What needs to be done
From the line with "70% OFF 2019" to the end of the data below, restate each line word for word, both ends included, without the pictures.

##### Material provided

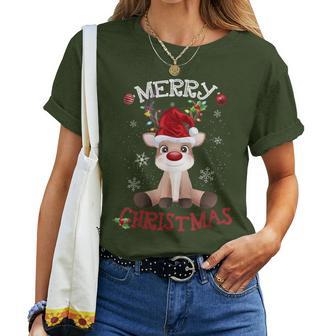 Merry Christmas Reindeer Xmas Family Women Women T-shirt - Thegiftio UK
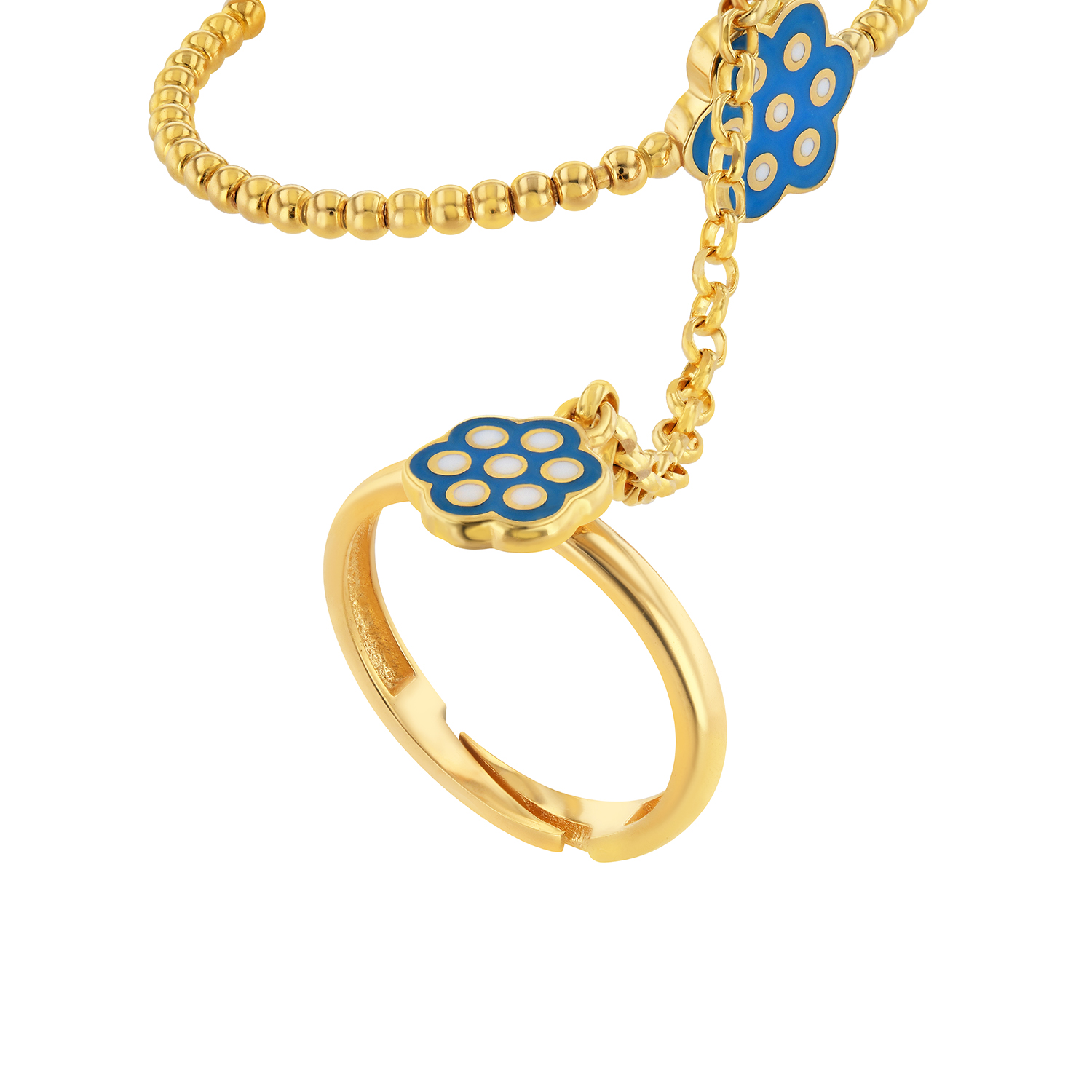 21K Kids Gold Flower Hand Wear Bracelet With Adjustable Ring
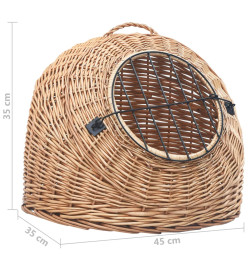 Cage de transport pour chats 45x35x35 cm Saule naturel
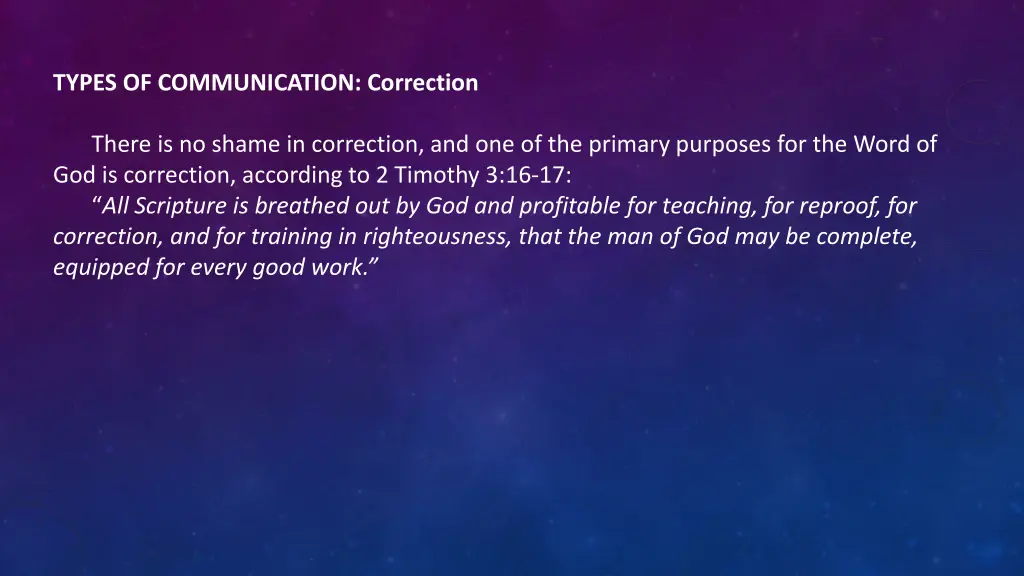 types of communication correction 1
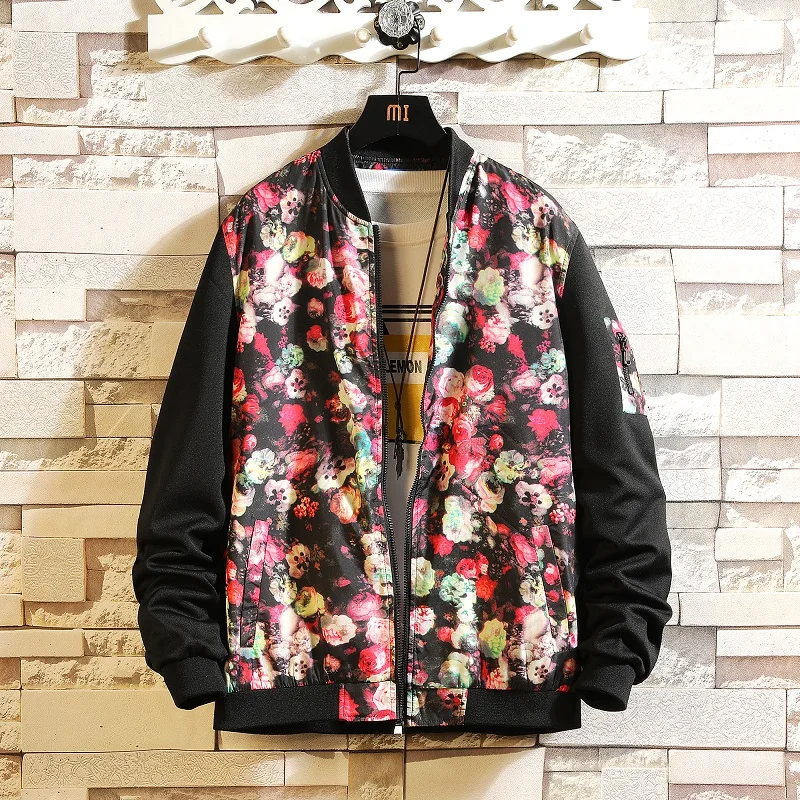 70% OFF 2019 New style Fashion Men spring slim fit Stand collar Printing jacket/Male High quality retro style Leisure coat Plus S-5XL
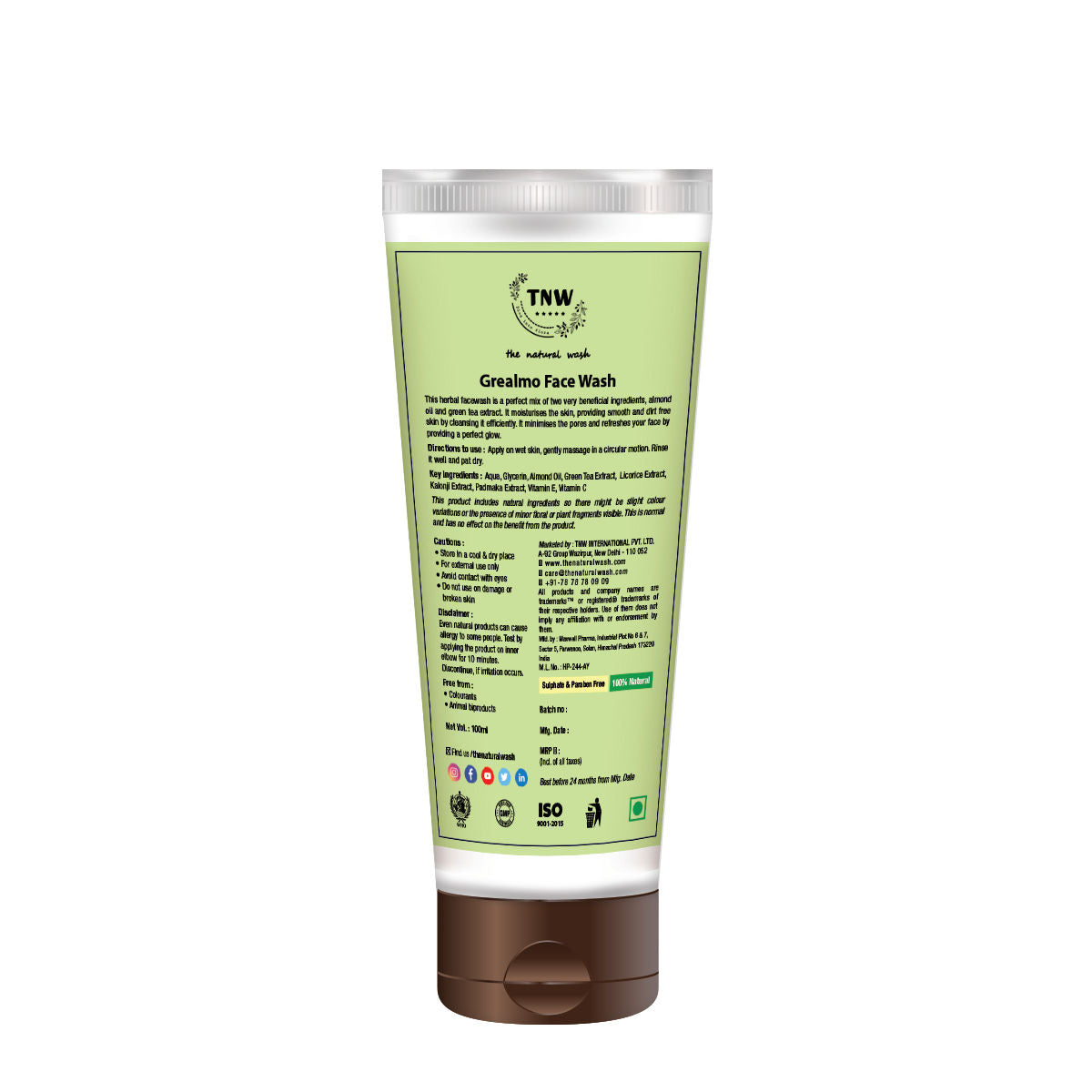Green Tea Face Wash with Almond Oil for Soft Skin & Open Pores - For Dry Skin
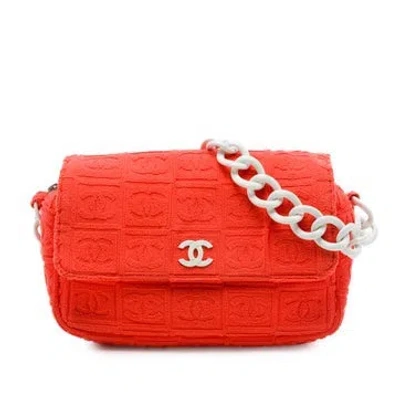 Pre-owned Chanel Terry Cloth Sport Line Flap In Orange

##########

Task solution
 70% OFF 2019 New style Fashion Men spring slim fit Stand collar Printing jacket/Male High quality retro style Leisure coat Plus S-5XL
Green Tea Face Wash with Almond Oil for Soft Skin & Open Pores - For Dry Skin
 Pre-owned Chanel Terry Cloth Sport Line Flap In Orange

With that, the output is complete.